Axes of artifact analysis

Type: kb/types/note.md · Status: current · Tags: learning-theory

A recurring comparison in this KB used to pit "repo artifacts vs weights": one system stores learned behaviour as files, another as model parameters. That contrast packs together questions that need to stay separate. A retained lesson can live in a repository, database, vector store, prompt registry, configuration service, or checkpoint store; it can act as prose, symbolic control, or distributed-parametric state; it can be canonical source or a derived view; and it can advise, instruct, enforce, rank, validate, or train.

The useful unit is therefore not always the stored object. It is the operative part or consumption path: the behavior-shaping part of a retained artifact and the route through which a future consumer can use it. The same Markdown file can be low-priority evidence in one path, high-priority instruction in another, and archival provenance in a third. The bytes did not change; the behavioral authority did.

Artifact analysis records four fields:

Field Question Why it matters
Storage substrate Where does retained state persist? Access, deletion, versioning, deployment, latency, and rollback paths
Representational form How is the operative part encoded and consumed?

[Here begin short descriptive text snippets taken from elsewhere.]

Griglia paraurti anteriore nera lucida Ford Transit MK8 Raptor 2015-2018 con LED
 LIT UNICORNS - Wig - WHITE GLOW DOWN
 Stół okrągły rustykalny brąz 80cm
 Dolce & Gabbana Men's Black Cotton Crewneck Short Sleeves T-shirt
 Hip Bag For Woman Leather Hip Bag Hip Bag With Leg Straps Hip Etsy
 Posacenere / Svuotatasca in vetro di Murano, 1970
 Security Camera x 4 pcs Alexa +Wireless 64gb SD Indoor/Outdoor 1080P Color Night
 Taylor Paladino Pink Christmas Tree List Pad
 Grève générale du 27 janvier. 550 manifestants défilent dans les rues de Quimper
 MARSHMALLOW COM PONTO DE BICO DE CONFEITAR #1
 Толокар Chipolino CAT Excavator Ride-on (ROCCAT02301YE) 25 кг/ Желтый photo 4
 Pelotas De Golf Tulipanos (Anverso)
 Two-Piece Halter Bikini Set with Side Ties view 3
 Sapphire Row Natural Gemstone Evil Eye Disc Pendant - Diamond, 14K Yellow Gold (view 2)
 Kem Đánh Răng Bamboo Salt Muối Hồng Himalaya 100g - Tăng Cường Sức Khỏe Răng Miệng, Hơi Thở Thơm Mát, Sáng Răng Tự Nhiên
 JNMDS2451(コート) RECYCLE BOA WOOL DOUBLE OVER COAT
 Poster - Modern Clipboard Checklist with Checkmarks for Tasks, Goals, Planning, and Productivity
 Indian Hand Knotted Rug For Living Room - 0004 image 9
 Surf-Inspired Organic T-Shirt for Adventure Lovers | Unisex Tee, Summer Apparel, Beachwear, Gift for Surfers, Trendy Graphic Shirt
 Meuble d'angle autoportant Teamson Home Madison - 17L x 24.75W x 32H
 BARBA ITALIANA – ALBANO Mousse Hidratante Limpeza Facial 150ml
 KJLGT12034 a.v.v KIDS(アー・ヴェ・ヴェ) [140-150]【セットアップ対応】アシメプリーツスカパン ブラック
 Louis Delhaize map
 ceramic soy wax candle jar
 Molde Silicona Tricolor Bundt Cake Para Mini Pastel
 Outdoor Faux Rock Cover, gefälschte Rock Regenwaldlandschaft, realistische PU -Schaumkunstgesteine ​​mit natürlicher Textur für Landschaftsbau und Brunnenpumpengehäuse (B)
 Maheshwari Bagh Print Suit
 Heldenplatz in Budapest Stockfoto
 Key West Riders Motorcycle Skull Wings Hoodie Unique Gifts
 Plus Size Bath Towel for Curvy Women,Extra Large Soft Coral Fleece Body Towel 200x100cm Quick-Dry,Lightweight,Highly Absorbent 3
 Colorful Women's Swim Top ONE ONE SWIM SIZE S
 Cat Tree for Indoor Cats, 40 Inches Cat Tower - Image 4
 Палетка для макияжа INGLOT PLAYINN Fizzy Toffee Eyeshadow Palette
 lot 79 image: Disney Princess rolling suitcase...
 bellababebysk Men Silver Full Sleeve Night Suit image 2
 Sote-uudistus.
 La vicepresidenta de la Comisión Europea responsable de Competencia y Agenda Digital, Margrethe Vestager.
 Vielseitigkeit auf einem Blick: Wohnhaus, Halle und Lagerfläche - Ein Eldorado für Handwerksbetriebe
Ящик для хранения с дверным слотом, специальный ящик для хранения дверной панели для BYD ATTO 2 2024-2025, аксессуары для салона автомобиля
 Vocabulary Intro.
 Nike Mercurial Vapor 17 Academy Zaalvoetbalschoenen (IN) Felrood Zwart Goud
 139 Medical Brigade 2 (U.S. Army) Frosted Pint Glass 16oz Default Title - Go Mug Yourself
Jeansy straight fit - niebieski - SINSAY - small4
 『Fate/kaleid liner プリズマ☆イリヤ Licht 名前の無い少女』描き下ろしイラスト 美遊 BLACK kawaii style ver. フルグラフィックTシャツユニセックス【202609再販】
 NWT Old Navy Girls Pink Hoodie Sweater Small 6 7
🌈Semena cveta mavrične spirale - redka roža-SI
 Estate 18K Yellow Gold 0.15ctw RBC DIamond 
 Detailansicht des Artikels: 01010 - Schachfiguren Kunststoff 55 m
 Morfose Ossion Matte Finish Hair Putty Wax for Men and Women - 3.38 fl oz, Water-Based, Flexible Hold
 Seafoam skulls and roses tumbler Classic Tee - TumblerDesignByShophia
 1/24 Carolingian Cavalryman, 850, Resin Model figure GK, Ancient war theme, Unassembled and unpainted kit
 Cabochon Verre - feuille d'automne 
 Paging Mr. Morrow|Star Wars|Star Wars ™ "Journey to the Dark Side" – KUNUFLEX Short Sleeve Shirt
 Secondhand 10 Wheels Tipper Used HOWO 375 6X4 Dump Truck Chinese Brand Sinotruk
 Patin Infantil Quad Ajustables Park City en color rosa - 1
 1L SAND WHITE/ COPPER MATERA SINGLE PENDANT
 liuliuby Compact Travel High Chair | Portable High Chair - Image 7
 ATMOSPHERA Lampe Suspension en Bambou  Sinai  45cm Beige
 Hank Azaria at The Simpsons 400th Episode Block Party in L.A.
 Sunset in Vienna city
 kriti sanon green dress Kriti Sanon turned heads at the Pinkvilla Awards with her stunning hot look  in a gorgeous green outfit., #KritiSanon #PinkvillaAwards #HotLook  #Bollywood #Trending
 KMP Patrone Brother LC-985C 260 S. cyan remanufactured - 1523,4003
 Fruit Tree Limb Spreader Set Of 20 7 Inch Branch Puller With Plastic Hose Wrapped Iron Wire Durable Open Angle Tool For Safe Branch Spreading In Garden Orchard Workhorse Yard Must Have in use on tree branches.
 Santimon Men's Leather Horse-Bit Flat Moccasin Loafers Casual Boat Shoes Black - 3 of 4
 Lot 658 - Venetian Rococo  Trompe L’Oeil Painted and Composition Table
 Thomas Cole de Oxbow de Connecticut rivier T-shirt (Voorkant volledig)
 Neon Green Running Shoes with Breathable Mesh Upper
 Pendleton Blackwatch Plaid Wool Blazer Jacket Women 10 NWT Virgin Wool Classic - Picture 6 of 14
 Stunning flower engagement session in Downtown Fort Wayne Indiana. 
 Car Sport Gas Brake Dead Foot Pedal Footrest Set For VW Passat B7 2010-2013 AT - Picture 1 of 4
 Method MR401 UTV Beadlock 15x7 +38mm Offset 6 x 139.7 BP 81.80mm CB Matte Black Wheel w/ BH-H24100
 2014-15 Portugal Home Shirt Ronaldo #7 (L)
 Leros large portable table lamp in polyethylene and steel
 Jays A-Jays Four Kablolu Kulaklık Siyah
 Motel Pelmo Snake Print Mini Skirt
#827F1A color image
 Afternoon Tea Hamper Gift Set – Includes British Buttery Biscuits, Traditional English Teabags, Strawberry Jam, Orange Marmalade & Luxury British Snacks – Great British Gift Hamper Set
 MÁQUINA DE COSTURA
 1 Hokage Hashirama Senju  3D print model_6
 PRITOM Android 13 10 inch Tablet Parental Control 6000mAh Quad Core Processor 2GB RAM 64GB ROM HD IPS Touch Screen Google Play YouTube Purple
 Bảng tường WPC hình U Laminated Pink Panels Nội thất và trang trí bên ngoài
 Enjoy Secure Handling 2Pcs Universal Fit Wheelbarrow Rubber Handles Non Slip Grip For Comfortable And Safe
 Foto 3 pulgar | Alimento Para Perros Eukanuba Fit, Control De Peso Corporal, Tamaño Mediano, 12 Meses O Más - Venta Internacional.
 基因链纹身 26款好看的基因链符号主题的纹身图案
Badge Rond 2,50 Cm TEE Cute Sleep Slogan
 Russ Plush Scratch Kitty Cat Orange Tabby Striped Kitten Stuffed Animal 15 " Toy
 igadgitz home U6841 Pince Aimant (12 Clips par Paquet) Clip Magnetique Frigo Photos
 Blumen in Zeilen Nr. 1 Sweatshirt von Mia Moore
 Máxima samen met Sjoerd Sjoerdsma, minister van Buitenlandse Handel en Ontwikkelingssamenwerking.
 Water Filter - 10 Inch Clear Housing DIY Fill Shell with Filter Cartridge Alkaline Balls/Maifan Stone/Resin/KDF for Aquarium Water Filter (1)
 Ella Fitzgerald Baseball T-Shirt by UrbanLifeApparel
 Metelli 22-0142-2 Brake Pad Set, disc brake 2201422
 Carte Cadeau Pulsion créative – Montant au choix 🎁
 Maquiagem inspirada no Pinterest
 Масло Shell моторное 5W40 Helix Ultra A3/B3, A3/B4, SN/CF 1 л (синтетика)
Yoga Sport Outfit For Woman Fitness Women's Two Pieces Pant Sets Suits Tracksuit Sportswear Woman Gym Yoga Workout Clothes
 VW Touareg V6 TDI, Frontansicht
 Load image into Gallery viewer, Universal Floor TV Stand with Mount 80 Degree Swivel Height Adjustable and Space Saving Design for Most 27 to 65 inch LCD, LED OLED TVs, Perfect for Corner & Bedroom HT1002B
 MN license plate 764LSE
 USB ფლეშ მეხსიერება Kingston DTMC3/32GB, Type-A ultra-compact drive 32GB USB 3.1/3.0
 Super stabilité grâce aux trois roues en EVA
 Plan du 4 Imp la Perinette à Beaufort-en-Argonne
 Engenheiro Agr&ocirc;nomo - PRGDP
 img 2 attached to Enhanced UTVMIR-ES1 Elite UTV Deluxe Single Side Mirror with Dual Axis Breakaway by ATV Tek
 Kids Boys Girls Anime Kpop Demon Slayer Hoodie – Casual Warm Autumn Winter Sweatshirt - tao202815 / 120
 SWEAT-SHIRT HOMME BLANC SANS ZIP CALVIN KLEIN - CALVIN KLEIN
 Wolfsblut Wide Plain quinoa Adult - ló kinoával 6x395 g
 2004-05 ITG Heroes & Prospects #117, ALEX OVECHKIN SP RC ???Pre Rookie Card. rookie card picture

Default review evidence: reading, tests/static checks, or behavioral probes
Lineage What sources or derivations does this retained behavior depend on? Invalidation, regeneration, source alignment, and retirement
Behavioral authority Who consumes it, through which channel, and with what force? Security, precedence, activation, scope, and behavioral consequence

These fields replace the older shorthand of class/backend/role. Backend becomes storage substrate. Class becomes representational form. Source relation becomes lineage. Role and control path become behavioral authority. The replacement is not cosmetic: the new names force the record to say what the artifact's operative part is, which consumption path gives it force, and what evidence would actually review it.

Representational form

Representational form is the main replacement for the old opaque/prose/symbolic class axis.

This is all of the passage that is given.